● **What is being asked**
All of the data, except its images, should be set down exactly as it appears.

● **Exercise data**
------------------------------------

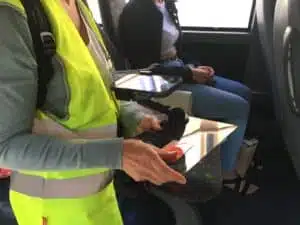 Enquete Mobilis interviewer with tablet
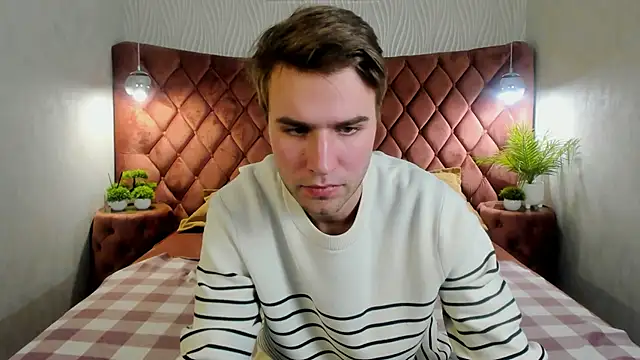 JonnahHell online show from 11-05-25, 02:20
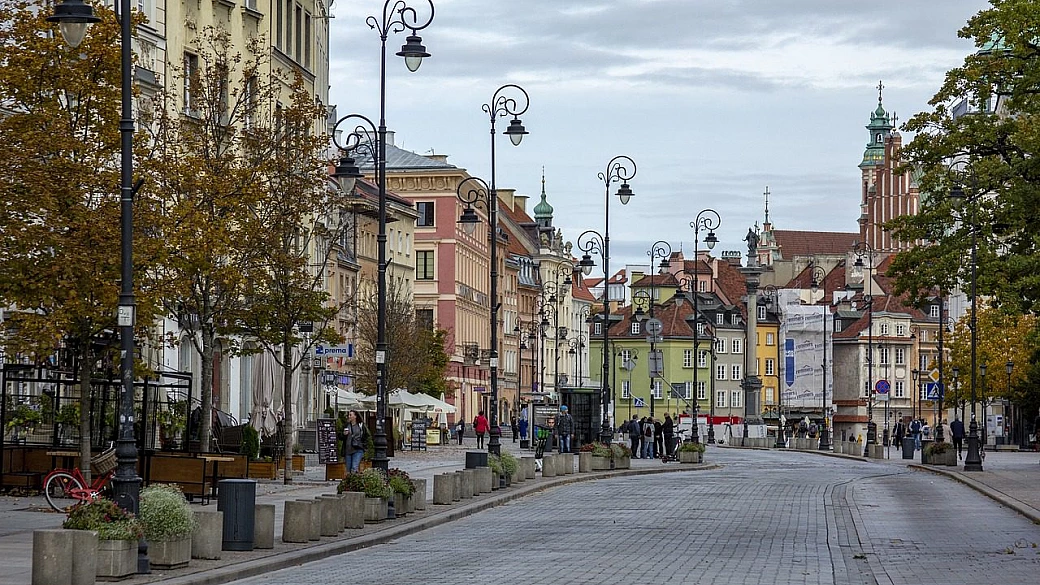 tg del turismo: varsavia, viaggi a tema, syusy da cuba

------------------------------------

● **Task answer**
 Enquete Mobilis interviewer with tablet
 JonnahHell online show from 11-05-25, 02:20
 tg del turismo: varsavia, viaggi a tema, syusy da cuba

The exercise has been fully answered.